One provision particularly galling to many Democrats would relax new bank regulations that force riskier trades in financial instruments known as derivatives into separate affiliates unprotected by deposit insurance.
The White House stated its own objections to the bank-related proposal and other portions of the bill in a written statement. Even so, officials said Obama and Vice President Joe Biden both telephoned Democrats to secure the votes needed for passage, and the president stepped away from a White House Christmas party reception line to make last-minute calls.
In addition to the government funding, the bill also sets a new course for selected, highly shaky pension plans.
Despite the day's uncertainty, there was no threat of a shutdown in federal services — and no sign of the brinkmanship that marked other, similar episodes. Instead, the House and Senate quickly passed a measure providing a 48-hour extension in existing funding to give the Senate time to act on the larger bill.
Opposition in the Senate will be led by liberals such as Warren, D-Mass., who firmly opposes the banking provision, and conservatives such as Cruz, R-Texas, who is incensed over immigration. But once Reid and McConnell forge an alliance, the fix is in and passage is only a matter of time.
The spending measure was one of a handful on the year-end agenda, with the others including an extension of expiring tax breaks and a bill approving Obama's policy for arming Syrian forces fighting Islamic State forces. A bill extending the government's terrorism insurance backstop could get tripped up by procedural hurdles.

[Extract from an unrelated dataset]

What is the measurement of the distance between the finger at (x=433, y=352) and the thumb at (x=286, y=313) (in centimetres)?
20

A provision in the big bill relating to financially failing multiemployer pension plans would allow controversial cuts for current retirees, and supporters said it was part of an effort to prevent a slow-motion collapse of a system that provides retirement income to millions.
"The multiemployer pension system is a ticking time bomb," said Rep. John Kline, R-Minn., who negotiated the agreement with Rep. George Miller, D-Calif., who is retiring after 40 years in Congress.